1. Tohumdan Hastalığa-Bir Kapitalizm Hikayesi
"Önce tohum sattılar..."dünyamızı imha ettiler cümlesiyle başlayan bu söz, sadece tarım sektörüne dair bir tespit değil, aslında insanlığın nasıl sistematik olarak kuşatıldığını gösteren bir senaryonun özetidir. GDO'lu (Genetiği Değiştirilmiş Organizmalar) tohumlarla başlayan bu ifsat, önce çiftçiyi şirket tohumlarına bağlı hale getirmiştir. Geleneksel tohumların yok edilmesi, çiftçilerin her yıl yeniden tohum almak zorunda bırakılması demektir. Bu bir sömürü düzeneğinin ilk adımıdır.
Tohumlar, böcekleri çekti; bu "soruna" çözüm olarak pestisit (tarım ilacı) satıldı. Aynı şirket veya ona bağlı yan kuruluşlar tarafından. Pestisitlerin insanlar üzerindeki etkileri artan kanser vakaları, hormonal bozukluklar, otizm, kısırlık gibi sağlık sorunlarına yol açtı. İlacı bitkileri yiyen insanlar hastalandı.
2. Tıp Endüstrisinin Parçası-Kapitalist Tıbbın Sessiz Suçları
Hastalanan insanlara bu kez aşı ve ilaç satıldı. Modern tıp endüstrisi, koruyucu sağlıktan ziyade "sürekli hasta"ya bağlı bir yapıda çalışır. Semptomları bastırmak için üretilen ilaçlar, hastalığın nedenini ortadan kaldırmaz; ancak kişiye "bir müddetliğine" iyi hissettirir. Bu da sürekli müşteri, sürekli kar demektir.

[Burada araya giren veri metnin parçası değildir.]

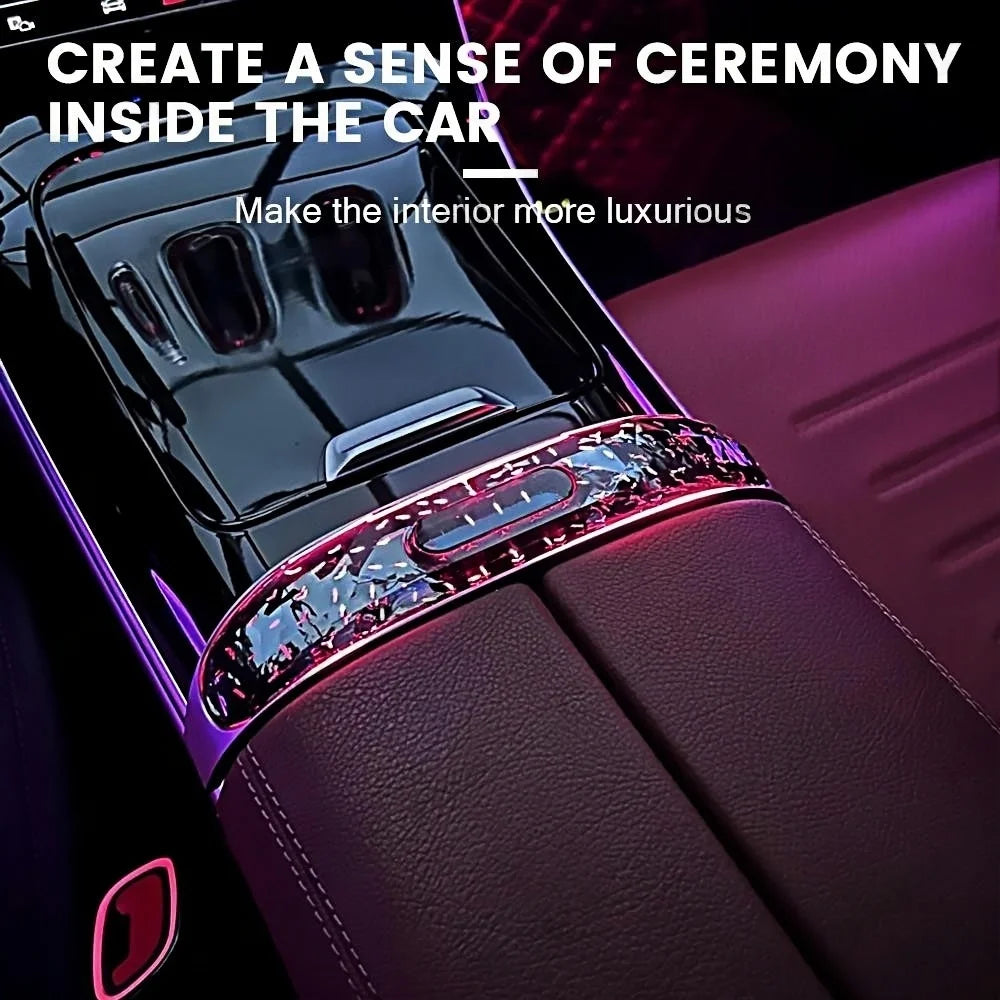 LED 64 Colours Ambient Lights For Mercedes Benz GLC X254 C Class W206 Car Center Console Saddle Light Interior Decorative Lamp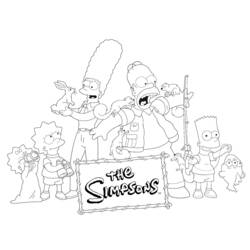 Dessin à colorier: Simpson (Dessins Animés) #23826 - Coloriages à Imprimer Gratuits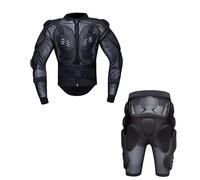 Chaqueta protectora de cuerpo completo para motocicleta de adulto, motocicleta, deportes urbanos, motocross, ATV, MTB, camisa de carreras, protector con protección de pecho y espalda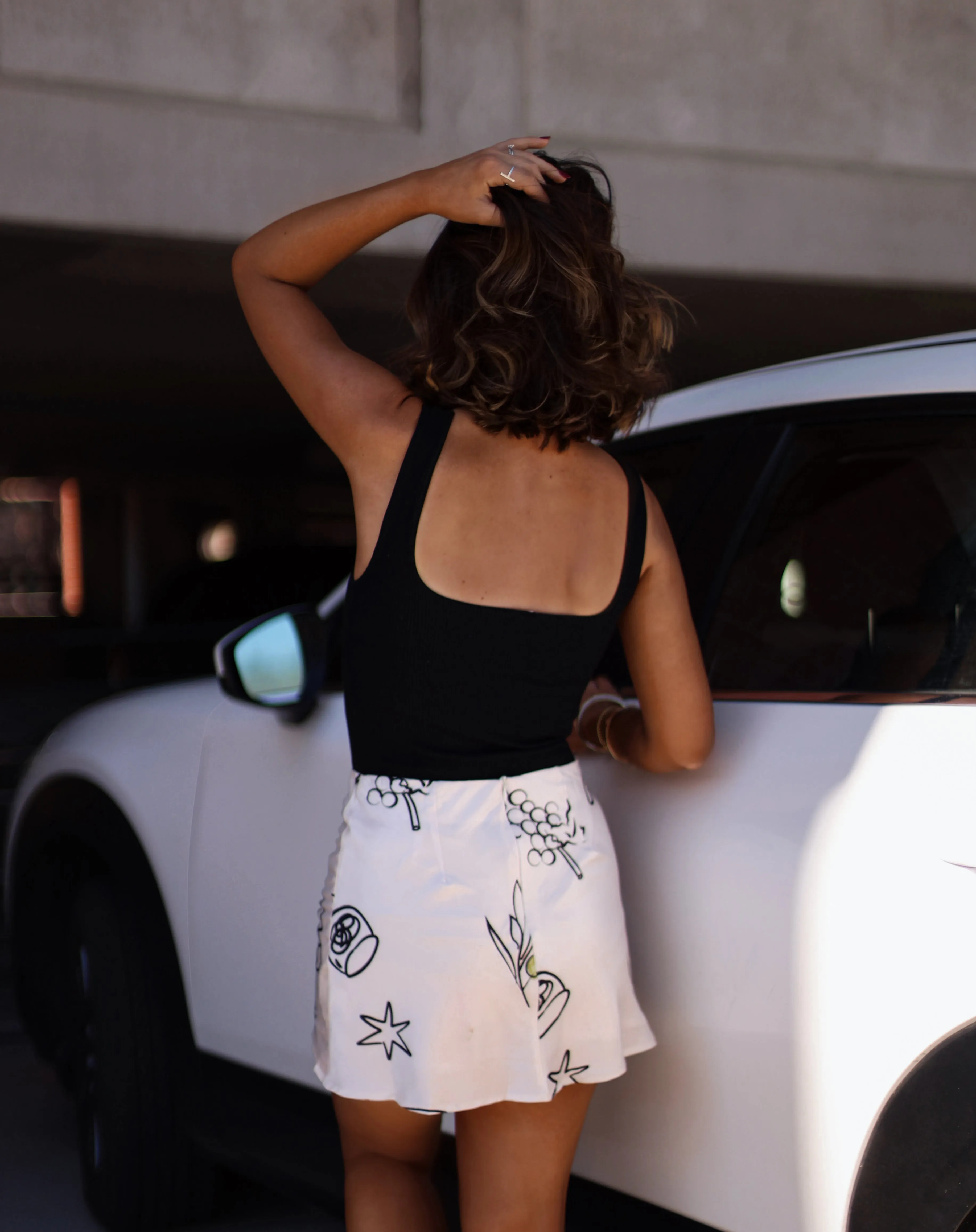 Martini Mini Skirt sold by LANE 201 product image thumbnail 2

Aynı şirketler ya da sermaye grupları hem tohum, hem ilaç, hem aşı, hem hastane zincirlerine sahip hale gelmiştir. Bu bağlantılar açıkça görülmese de sermaye akışı incelendiğinde aynı sermaye gruplarının izleri kolaylıkla tespit edilebilir.

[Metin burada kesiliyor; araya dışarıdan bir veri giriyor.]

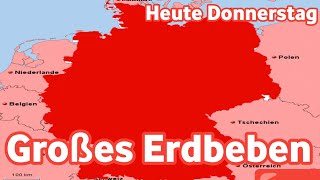 Aktuelle Nachrichten Ein sehr starkes Erdbeben erschüttert Deutschland Heute Abend Donnerstag 4 Juli [upl. by Alul]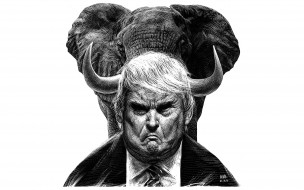 , - , donald, trump, republican, party, elephant, gop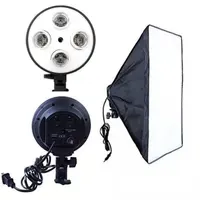Takeko — Kit d'éclairage pour Studio Photo, 50x70cm, accessoires de Studio Photo, boîte souple, quatre lampes pour prise de vue avec caméra, équipement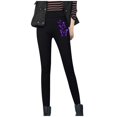 thumbnail image 1 of Gibobby Leggings de cintura alta Leggings de entrenamiento de color sólido grueso de longitud completa para mujer, cómodos, elásticos, de cintura alta（Negro， L), 1 of 5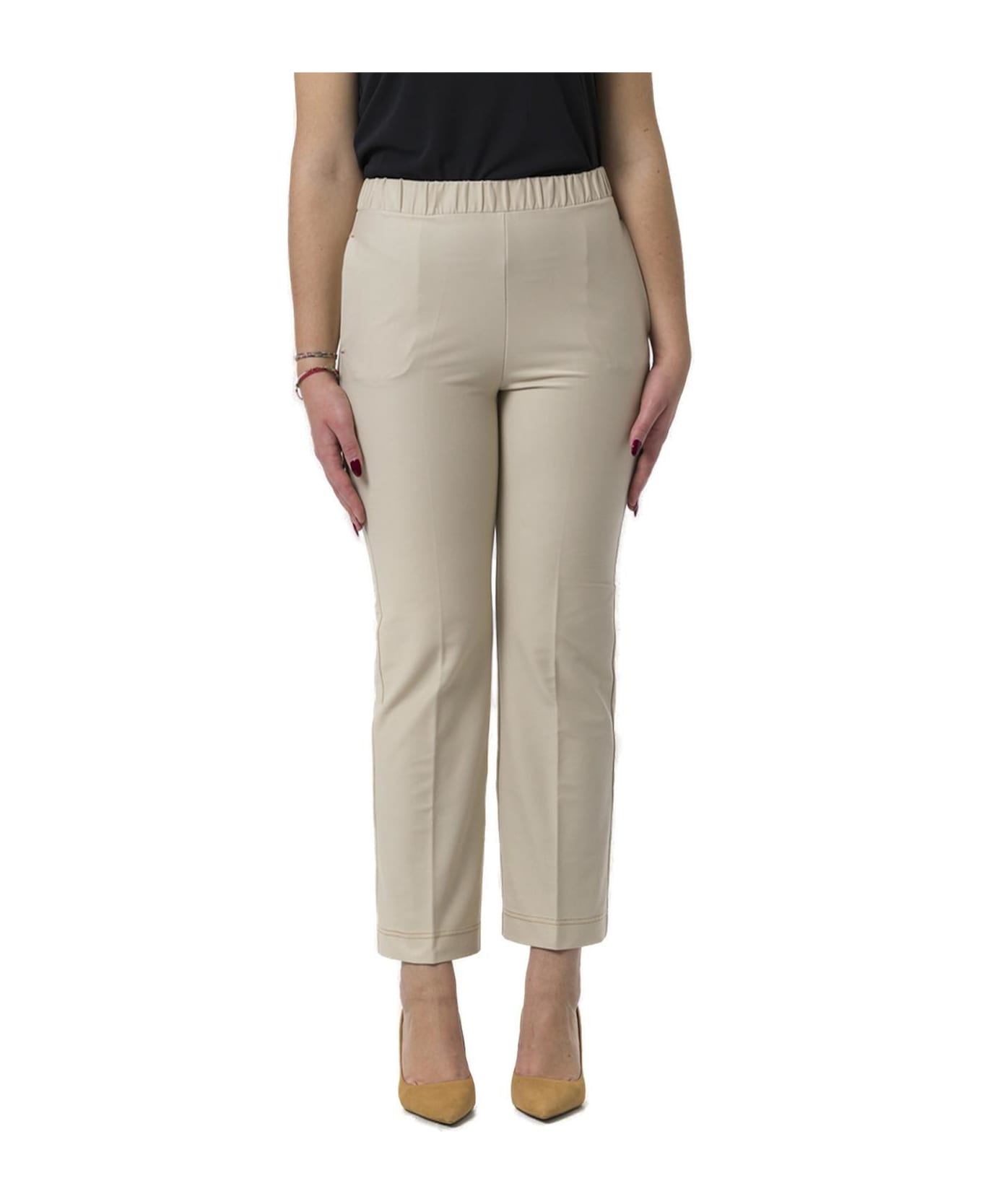 Max Mara High Waist Straight Leg Trousers - Neutro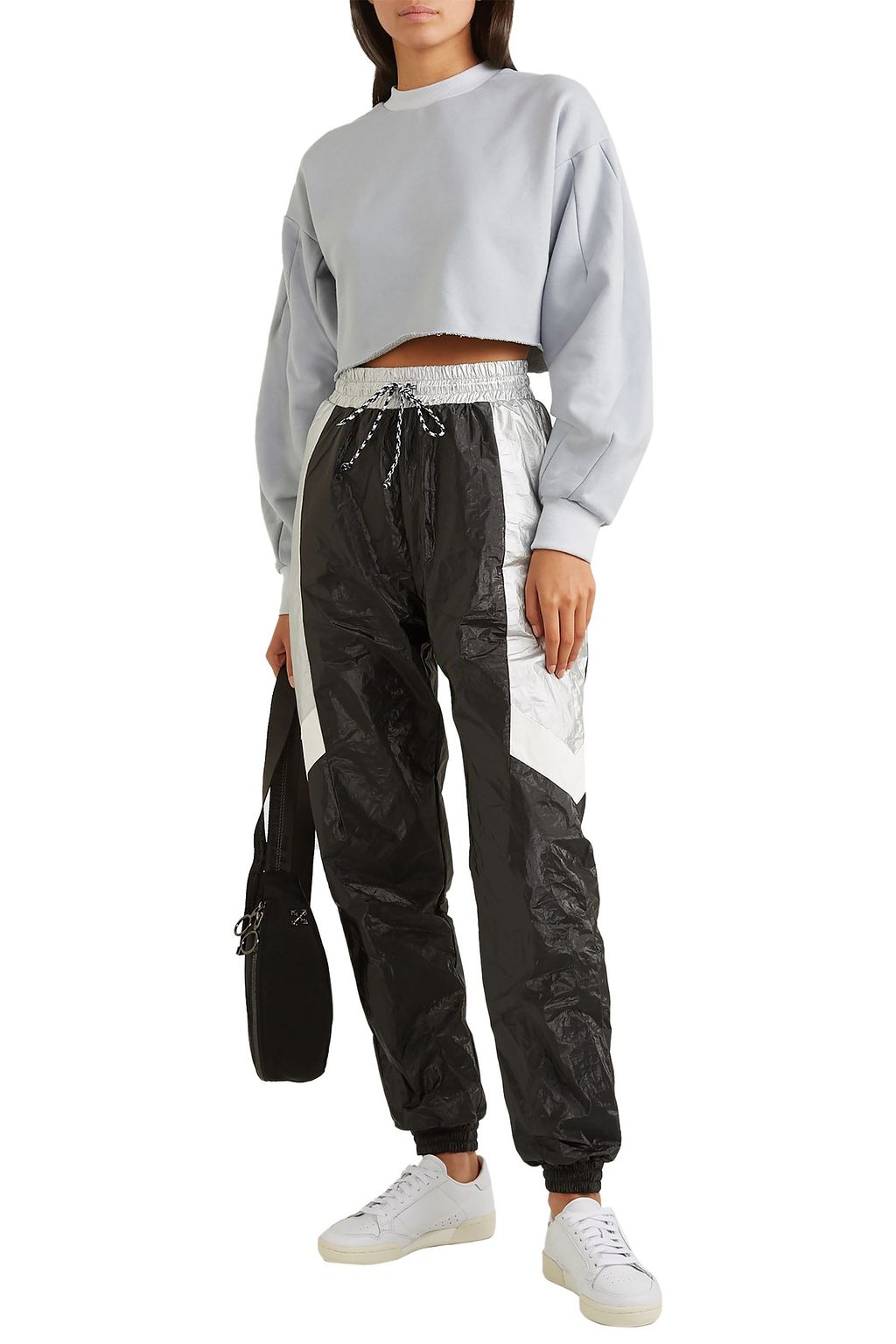 TWENTY MONTRÉAL Pride cropped cotton-blend jersey top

3. Kapitalizmin Taktikleri-Problemi Yarat, Çözümü Sat
Vahşi kapitalizmin en sinsi taktiği budur: Problemi yarat, insanları korkut, çözümü sat. Bu taktik sadece tarımda ya da sağlıkta değil; güvenlik, enerji, iklim, gıda gibi tüm alanlarda uygulanmaktadır.
- *Terör yarat, silah sat*
- *Enerji krizi çıkart, doğal gaz sat*
- *Pandemi yay, aşı sat*
- *Gıda krizi çıkart, stokta bekleyen GDO’lu gıdayı pazarla*
Her durumda bir korku yaratılır ve insanlar panik halindeyken rasyonel karar veremez. Bu da ifsat düzeninin zeminini hazırlar.

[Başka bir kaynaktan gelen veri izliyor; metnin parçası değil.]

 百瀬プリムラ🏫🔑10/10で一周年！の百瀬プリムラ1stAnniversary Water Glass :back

4. Toplum Mühendisliği-Kapitalist Medya ve Algı Operasyonları
Büyük medya devleri, aynı şirketlerin kontrolü altındadır. Görünürde farklı kanal ve gazeteler olsa da, sermaye sahipleri aynıdır. Algı yönetimiyle insanların ne düşündüğü, ne hissettiği, neyi tehlike olarak algıladığı önceden belirlenir.
Reklamlarla özendirilen tüketim, doğanın tahribine neden olurken, aynı medya bu tahribatın sözde sorumlusu olarak bireyi hedef gösterir. "Plastik çöp bırakma" kampanyalarının sponsorları dev petrokimya firmalarıdır.
5. Ruhun Tahribatı-Ahlaki ve Manevi Bozulma
Kapitalist sistem sadece bedenleri değil, ruhları da hasta eder. Reklamlarla dayatılan "mutluluk" tanımı, bireyleri mükemmel görünmeye çalışan yorgun tüketicilere dönüştürür.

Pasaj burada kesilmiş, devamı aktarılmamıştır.